Para melhor se compreender esta pequena biografia, é conveniente recordar que a protecção à vaca é a característica do hinduísmo, na qual Ghandhi descortina uma das mais altas afirmações da evolução humana. O culto do animal sagrado dos hindus remonta, pelo menos, a três milénios. Vacas e macacos perambulam em liberdade pelas ruas e becos das cidades, onde os homens que lhes passam ao lado os acariciam, agradecendo-lhes a ajuda que, segundo os livros sagrados, os deuses receberam do mundo animal, de "todo o mundo inferior, com o qual o homem selou um pacto de aliança e confraternização". Na expressão do próprio Mahatma, este pacto "transporta o ser humano para além dos limites da sua espécie e afirma a identidade do homem com tudo o que vive". Espancar uma vaca ou um macaco seria terrível sacrilégio. Calcula-se que em Benares, cidade onde foi erigido um templo a esses animais, dezenas de milhares de vacas e macacos cruzam-se diariamente com os 40.000 brâmanes que ali habitam.
Gandhi, que vê "nos meigos olhos da vaca um poema de ternura", atribui a escolha desse animal precisamente ao facto de ser ela "a melhor companheira do homem e fonte de abundância". Para Romain Rolland (in "Mahaíma Gandhi"), o grande revolucionário hindu, cujo pensamento ninguém teria compreendido melhor que o santo de Assis, tem absoluta razão quando afirma que a protecção à vaca "é o presente da religião hinduísta ao mundo", pois ao preceito do Evangelho "ama teu próximo como a ti mesmo!" acrescenta este outro: "Tudo o que vive é o teu próximo!".
O PENSAMENTO DE GANDHI E SUAS FONTES
Mohandas distingue-se sempre, desde criança, por seu apaixonado amor à Verdade.
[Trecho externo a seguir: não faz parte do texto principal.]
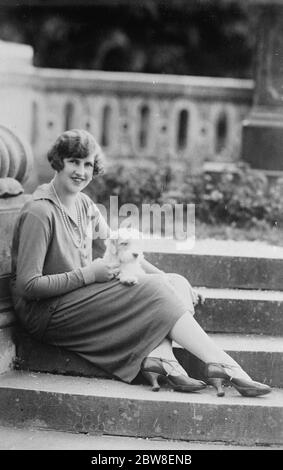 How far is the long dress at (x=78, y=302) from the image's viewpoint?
4.92 metres

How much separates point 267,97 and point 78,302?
489cm

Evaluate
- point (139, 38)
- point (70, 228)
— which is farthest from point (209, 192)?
point (139, 38)

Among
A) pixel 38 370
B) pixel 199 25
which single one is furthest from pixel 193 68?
pixel 38 370

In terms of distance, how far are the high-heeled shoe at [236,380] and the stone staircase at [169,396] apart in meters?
0.05

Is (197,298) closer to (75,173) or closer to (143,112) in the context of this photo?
(75,173)

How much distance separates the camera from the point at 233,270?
5941 mm

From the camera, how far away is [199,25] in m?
17.2

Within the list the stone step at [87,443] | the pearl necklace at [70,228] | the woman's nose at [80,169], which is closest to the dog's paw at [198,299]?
the pearl necklace at [70,228]

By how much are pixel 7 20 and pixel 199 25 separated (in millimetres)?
3595

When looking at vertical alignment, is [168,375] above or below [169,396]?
above

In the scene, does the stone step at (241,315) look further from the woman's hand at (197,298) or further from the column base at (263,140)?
the column base at (263,140)

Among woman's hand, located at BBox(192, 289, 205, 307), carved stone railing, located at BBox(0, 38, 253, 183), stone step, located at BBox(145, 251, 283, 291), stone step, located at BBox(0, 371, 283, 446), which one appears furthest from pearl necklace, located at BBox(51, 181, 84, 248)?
carved stone railing, located at BBox(0, 38, 253, 183)

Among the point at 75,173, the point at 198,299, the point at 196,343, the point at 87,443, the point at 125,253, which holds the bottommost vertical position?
the point at 87,443

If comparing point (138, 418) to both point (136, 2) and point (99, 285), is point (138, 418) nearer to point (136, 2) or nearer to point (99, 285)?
point (99, 285) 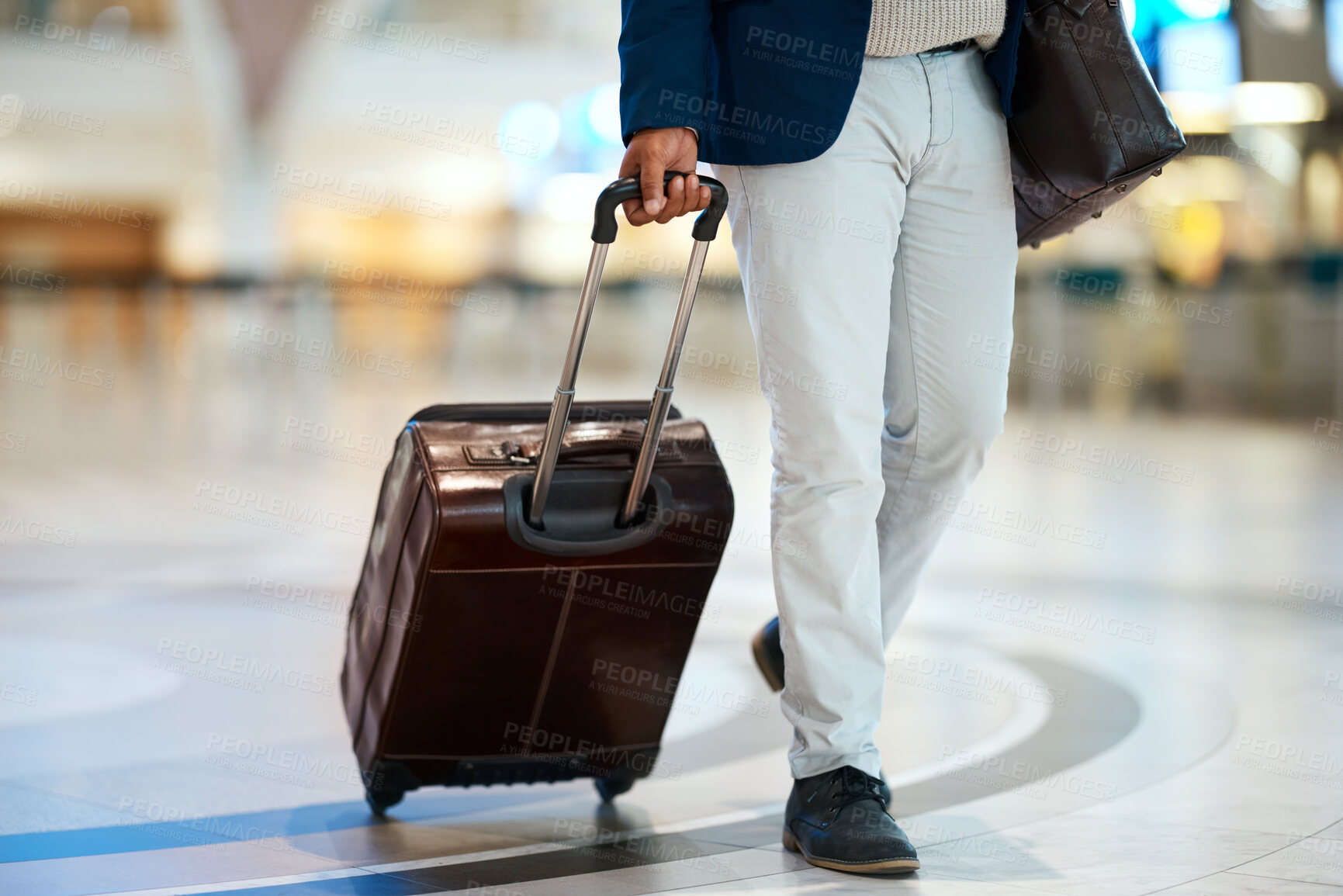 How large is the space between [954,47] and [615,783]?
3.65ft

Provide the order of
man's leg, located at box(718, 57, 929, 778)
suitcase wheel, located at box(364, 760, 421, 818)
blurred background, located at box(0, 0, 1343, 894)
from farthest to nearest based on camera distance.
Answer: blurred background, located at box(0, 0, 1343, 894), suitcase wheel, located at box(364, 760, 421, 818), man's leg, located at box(718, 57, 929, 778)

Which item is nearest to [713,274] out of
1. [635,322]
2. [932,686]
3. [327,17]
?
[635,322]

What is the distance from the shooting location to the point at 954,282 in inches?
66.0

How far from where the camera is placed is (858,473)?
160 cm

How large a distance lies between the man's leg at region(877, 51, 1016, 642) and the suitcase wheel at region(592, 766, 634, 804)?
0.61 meters

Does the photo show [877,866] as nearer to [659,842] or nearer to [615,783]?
[659,842]

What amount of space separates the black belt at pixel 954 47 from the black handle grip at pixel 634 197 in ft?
1.13

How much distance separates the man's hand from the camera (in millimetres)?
1491

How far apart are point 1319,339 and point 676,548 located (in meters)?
8.21

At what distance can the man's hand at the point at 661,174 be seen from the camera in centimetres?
149

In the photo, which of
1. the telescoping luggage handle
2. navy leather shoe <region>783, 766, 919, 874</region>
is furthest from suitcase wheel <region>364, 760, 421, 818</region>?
navy leather shoe <region>783, 766, 919, 874</region>

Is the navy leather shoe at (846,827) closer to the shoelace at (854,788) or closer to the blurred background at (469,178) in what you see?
the shoelace at (854,788)

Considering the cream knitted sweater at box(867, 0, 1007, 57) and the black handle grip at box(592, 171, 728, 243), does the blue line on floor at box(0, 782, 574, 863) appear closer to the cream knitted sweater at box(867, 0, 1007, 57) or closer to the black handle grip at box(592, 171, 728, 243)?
the black handle grip at box(592, 171, 728, 243)

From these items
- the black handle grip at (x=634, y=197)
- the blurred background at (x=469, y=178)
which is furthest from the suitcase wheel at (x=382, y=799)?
the blurred background at (x=469, y=178) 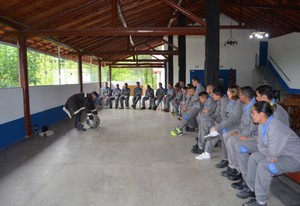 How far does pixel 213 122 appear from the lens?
4625mm

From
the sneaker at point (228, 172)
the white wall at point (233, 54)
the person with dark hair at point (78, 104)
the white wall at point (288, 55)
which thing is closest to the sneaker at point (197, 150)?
the sneaker at point (228, 172)

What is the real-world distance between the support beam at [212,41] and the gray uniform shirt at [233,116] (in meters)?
2.11

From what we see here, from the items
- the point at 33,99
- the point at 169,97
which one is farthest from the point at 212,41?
the point at 169,97

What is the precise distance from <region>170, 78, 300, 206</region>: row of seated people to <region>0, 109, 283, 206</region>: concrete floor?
0.22 metres

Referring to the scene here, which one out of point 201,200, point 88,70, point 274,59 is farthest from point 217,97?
point 274,59

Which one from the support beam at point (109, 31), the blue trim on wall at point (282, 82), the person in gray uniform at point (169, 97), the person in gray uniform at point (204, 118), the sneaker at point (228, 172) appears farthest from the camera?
the blue trim on wall at point (282, 82)

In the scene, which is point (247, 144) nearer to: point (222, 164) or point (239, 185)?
point (239, 185)

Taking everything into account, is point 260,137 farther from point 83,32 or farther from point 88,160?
point 83,32

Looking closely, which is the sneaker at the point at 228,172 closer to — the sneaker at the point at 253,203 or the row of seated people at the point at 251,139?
the row of seated people at the point at 251,139

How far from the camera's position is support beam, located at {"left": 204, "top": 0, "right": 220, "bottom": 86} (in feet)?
19.0

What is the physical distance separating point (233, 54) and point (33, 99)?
485 inches

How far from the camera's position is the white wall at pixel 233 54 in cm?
1495

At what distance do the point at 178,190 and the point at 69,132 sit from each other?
14.5ft

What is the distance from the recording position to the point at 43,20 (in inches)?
230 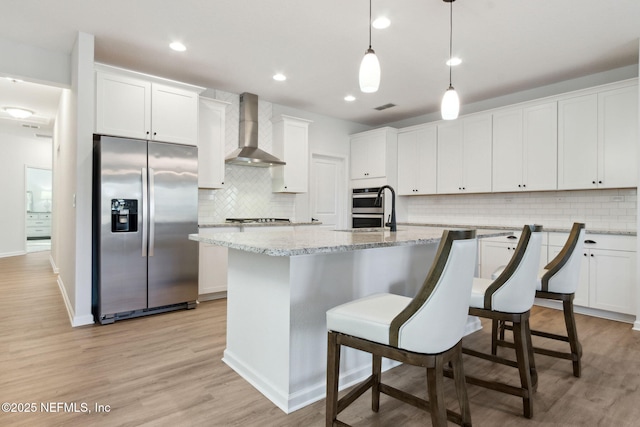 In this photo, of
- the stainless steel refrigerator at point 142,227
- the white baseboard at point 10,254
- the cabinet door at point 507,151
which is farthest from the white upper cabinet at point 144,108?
the white baseboard at point 10,254

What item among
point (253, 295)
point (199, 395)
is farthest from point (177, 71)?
point (199, 395)

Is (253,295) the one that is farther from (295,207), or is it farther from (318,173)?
(318,173)

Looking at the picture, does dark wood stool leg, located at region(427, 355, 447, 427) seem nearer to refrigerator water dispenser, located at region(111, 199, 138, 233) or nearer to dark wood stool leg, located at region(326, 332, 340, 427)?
dark wood stool leg, located at region(326, 332, 340, 427)

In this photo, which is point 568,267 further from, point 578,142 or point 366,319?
point 578,142

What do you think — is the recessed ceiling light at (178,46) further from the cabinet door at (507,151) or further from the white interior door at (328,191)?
the cabinet door at (507,151)

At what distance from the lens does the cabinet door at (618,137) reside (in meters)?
3.64

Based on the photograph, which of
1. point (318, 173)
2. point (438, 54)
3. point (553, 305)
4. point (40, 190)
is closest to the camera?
point (438, 54)

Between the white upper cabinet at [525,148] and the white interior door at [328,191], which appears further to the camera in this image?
the white interior door at [328,191]

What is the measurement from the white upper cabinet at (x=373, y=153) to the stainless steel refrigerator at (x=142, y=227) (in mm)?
3045

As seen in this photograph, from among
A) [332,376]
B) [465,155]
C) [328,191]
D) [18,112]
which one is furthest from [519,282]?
[18,112]

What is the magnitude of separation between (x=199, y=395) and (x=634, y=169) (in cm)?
451

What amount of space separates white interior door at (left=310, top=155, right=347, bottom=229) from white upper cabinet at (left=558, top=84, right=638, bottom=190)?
323cm

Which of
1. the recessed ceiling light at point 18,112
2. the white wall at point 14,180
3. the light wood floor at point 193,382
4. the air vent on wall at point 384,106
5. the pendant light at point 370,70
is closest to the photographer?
the light wood floor at point 193,382

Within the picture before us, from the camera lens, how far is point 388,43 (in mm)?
3371
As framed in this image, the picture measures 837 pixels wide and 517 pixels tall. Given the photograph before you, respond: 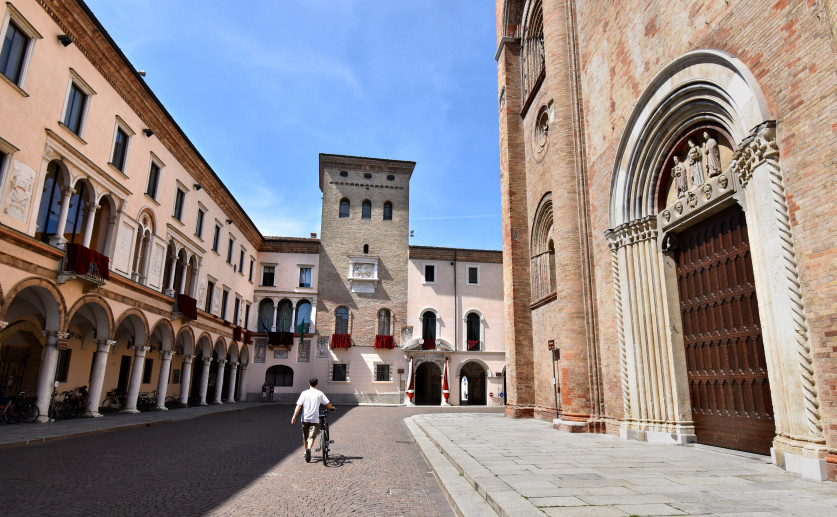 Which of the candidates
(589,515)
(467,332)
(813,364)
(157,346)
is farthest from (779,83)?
(467,332)

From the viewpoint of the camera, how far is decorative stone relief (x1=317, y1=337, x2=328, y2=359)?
31484mm

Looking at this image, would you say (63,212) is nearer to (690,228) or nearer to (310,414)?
(310,414)

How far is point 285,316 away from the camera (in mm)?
32312

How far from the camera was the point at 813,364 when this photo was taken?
594 centimetres

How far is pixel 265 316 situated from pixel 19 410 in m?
19.2

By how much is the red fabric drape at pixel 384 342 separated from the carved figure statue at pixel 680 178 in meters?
23.8

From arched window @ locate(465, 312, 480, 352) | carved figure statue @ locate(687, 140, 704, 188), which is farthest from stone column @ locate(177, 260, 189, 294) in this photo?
carved figure statue @ locate(687, 140, 704, 188)

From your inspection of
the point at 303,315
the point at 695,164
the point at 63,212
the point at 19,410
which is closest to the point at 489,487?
the point at 695,164

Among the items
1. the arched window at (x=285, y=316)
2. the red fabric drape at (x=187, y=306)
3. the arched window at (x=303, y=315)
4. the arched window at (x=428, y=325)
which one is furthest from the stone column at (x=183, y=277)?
the arched window at (x=428, y=325)

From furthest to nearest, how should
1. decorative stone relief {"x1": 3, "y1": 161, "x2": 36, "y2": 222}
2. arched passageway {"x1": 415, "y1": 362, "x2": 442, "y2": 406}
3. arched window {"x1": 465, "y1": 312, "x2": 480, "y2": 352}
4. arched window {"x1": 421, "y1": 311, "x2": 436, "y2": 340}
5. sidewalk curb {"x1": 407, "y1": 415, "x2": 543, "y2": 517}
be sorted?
arched passageway {"x1": 415, "y1": 362, "x2": 442, "y2": 406}, arched window {"x1": 421, "y1": 311, "x2": 436, "y2": 340}, arched window {"x1": 465, "y1": 312, "x2": 480, "y2": 352}, decorative stone relief {"x1": 3, "y1": 161, "x2": 36, "y2": 222}, sidewalk curb {"x1": 407, "y1": 415, "x2": 543, "y2": 517}

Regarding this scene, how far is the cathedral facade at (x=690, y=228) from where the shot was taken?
237 inches

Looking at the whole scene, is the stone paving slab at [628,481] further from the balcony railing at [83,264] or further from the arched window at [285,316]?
the arched window at [285,316]

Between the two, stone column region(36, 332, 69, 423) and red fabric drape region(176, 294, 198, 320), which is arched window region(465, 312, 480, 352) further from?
stone column region(36, 332, 69, 423)

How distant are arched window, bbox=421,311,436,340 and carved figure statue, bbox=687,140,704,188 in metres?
24.7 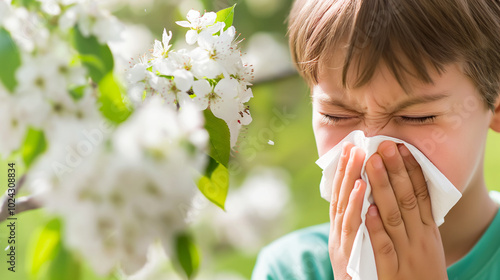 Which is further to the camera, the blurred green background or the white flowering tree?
the blurred green background

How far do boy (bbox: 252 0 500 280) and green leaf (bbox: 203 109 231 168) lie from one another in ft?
0.90

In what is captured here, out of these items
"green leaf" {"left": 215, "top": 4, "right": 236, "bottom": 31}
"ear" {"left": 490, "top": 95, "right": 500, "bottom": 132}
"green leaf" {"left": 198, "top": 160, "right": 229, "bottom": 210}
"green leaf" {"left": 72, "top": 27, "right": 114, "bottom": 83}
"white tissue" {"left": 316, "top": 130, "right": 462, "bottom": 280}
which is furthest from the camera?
"ear" {"left": 490, "top": 95, "right": 500, "bottom": 132}

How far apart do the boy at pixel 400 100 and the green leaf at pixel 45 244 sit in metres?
0.51

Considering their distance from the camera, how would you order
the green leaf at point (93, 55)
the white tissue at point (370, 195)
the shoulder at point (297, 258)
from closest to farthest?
1. the green leaf at point (93, 55)
2. the white tissue at point (370, 195)
3. the shoulder at point (297, 258)

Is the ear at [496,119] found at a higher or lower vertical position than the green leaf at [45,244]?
lower

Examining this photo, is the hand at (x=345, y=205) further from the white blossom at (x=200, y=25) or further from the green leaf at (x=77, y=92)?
the green leaf at (x=77, y=92)

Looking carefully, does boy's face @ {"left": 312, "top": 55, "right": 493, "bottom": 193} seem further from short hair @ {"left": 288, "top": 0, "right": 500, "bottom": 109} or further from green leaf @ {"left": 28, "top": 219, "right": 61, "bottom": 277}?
green leaf @ {"left": 28, "top": 219, "right": 61, "bottom": 277}

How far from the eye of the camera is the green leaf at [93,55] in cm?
39

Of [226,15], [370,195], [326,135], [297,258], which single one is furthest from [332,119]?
[297,258]

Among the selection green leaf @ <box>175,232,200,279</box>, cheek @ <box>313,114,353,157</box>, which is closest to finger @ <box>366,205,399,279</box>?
cheek @ <box>313,114,353,157</box>

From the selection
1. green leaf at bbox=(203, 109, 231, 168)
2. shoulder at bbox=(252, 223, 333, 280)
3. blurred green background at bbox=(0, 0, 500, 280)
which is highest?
green leaf at bbox=(203, 109, 231, 168)

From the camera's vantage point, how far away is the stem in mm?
350

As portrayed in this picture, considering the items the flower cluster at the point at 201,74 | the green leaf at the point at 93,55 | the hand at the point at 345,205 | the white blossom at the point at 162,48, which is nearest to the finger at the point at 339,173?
the hand at the point at 345,205

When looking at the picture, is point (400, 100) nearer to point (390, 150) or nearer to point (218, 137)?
point (390, 150)
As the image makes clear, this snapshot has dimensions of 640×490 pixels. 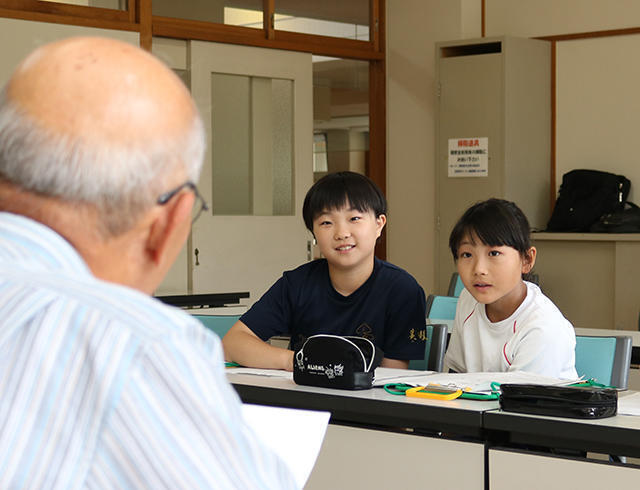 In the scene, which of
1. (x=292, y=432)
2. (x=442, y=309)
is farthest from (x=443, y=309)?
(x=292, y=432)

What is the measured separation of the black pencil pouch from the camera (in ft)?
5.52

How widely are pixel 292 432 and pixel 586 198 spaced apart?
564cm

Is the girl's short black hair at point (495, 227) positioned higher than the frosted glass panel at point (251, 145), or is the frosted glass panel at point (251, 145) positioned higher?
the frosted glass panel at point (251, 145)

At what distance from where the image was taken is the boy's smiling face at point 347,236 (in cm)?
262

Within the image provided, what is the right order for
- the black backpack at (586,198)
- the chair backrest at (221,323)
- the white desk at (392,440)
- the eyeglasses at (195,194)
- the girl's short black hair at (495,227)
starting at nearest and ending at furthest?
the eyeglasses at (195,194), the white desk at (392,440), the girl's short black hair at (495,227), the chair backrest at (221,323), the black backpack at (586,198)

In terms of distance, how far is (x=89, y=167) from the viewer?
2.07 ft

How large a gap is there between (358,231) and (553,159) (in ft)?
14.4

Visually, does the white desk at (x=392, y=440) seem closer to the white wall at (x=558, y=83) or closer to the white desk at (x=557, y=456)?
the white desk at (x=557, y=456)

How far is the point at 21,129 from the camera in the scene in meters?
0.65

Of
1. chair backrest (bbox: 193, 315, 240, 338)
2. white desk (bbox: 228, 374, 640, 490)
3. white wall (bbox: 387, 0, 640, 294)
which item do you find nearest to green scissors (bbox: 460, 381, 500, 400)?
white desk (bbox: 228, 374, 640, 490)

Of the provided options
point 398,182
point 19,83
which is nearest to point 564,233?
point 398,182

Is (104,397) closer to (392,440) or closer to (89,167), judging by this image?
(89,167)

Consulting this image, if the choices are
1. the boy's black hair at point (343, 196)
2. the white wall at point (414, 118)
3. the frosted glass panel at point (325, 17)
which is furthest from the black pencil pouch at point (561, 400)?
the white wall at point (414, 118)

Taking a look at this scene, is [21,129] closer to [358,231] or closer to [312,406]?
[312,406] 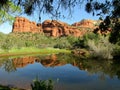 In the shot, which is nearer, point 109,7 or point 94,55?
point 109,7

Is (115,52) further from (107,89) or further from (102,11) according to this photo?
(102,11)

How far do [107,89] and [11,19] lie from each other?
1425 centimetres

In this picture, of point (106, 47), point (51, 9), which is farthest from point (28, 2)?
point (106, 47)

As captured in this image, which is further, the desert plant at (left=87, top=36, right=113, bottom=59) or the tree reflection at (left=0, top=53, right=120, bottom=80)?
the desert plant at (left=87, top=36, right=113, bottom=59)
Recorda, a propósito, um de seus biógrafos, que, um dia, na escola primária, estando um inspector britânico a interrogar os alunos sobre a ortografia de uma palavra inglesa, o professor a soprava para os ajudar. Mohandas, a quem tal ajuda repugnou, foi o único, por este motivo, a errar. Outros traços de carácter que os seus biógrafos coincidem em atribuir-lhe são: a marcha, como o seu mais agradável exercício físico; a jardinagem, como o seu predilecto passatempo; uma notável habilidade manual; a pertinácia, e a repugnância pela violência.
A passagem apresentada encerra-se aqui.